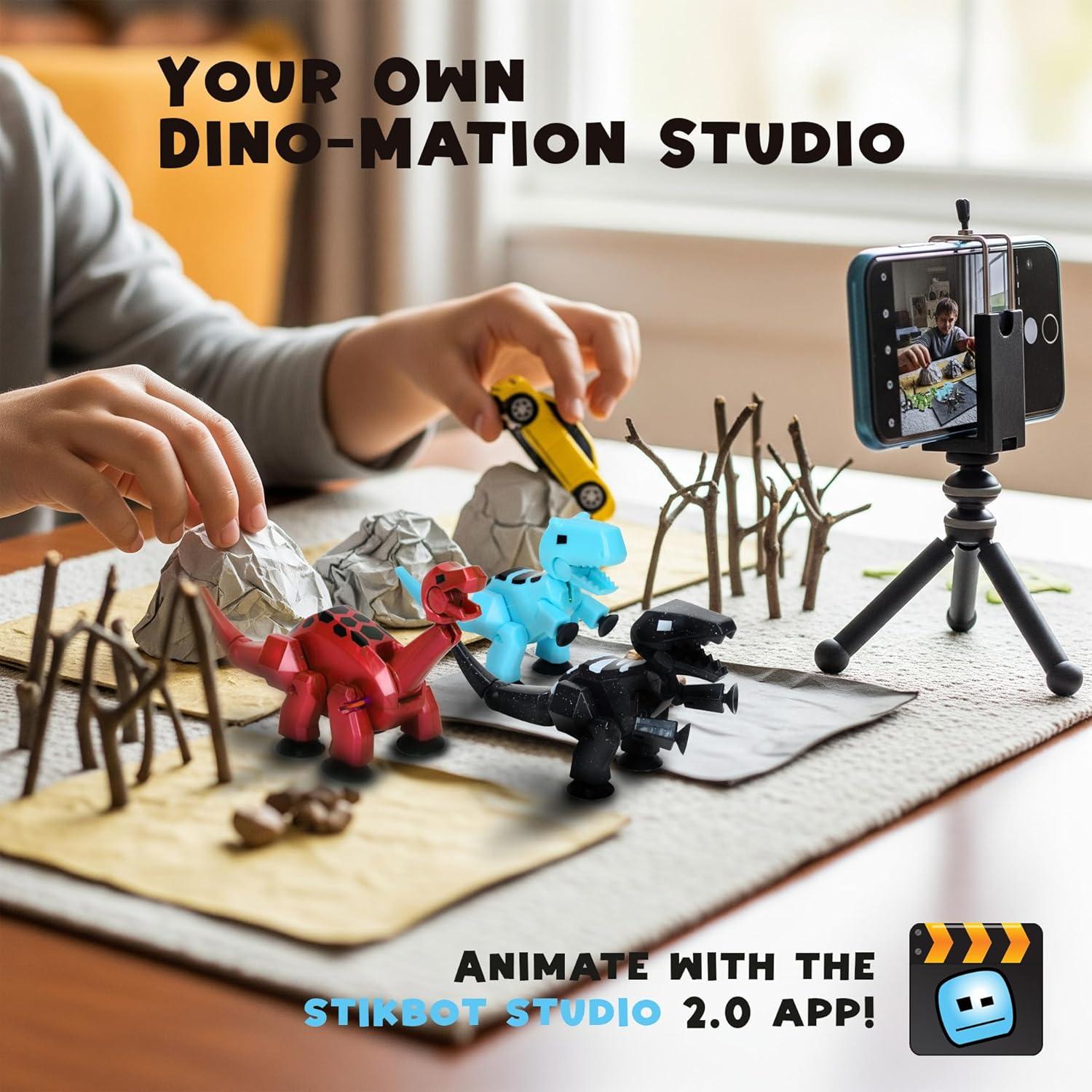 Zing Stikbot MEGA Dino 3 Pack - Brontosaurus, T-Rex, Carnotaurus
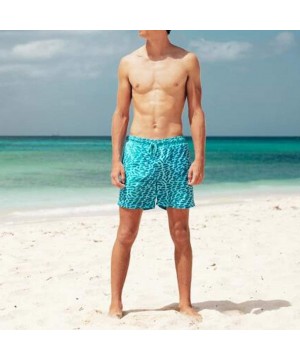 Mens Swim Trunks Shorts Temperature-Sensitive Color-Changing Beach Pants - B Blue - CH1906ID9SE $24.87-Trunks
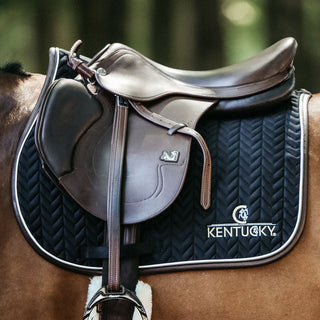 Kentucky Horsewear Fishbone Leather Logo Jumping Saddle Cloth - Black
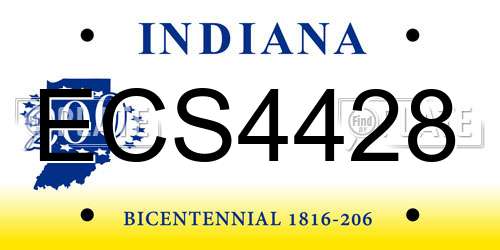 ECS4428 Indiana License Plate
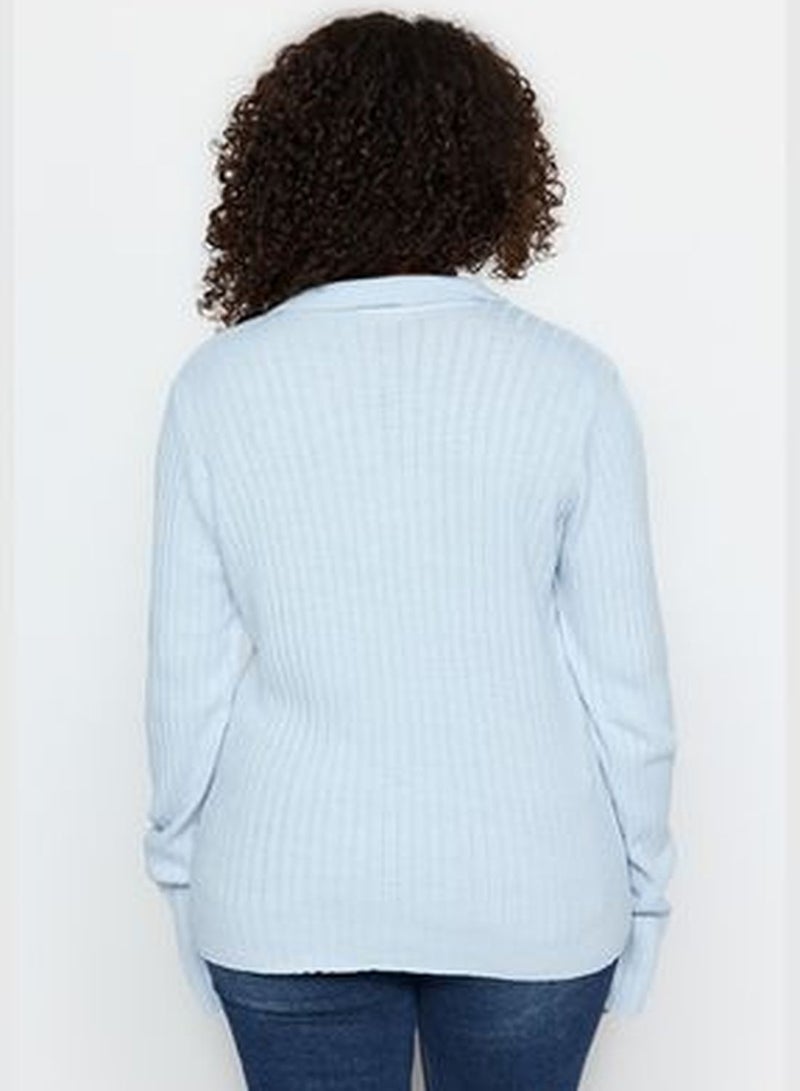 Light Blue Detailed Polo Neck Knitwear Sweater TBBAW24AN00048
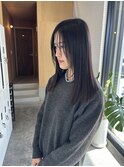 ロングヘア　切りっぱなしミディアム　韓国ヘア　ストレートヘア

+===+

BRIEF:
Repeat each entry above word for word, leaving every picture out.

SOLUTION TO THE EXERCISE:
 Zing Stikbot MEGA Dino 3 Pack - Brontosaurus, T-Rex, Carnotaurus
 Mens Swim Trunks Shorts Temperature-Sensitive Color-Changing Beach Pants - B Blue - CH1906ID9SE $24.87-Trunks
 Kentucky Horsewear Fishbone Leather Logo Jumping Saddle Cloth - Black
 ECS4428 Indiana License Plate
 Light Blue Detailed Polo Neck Knitwear Sweater TBBAW24AN00048
 ロングヘア　切りっぱなしミディアム　韓国ヘア　ストレートヘア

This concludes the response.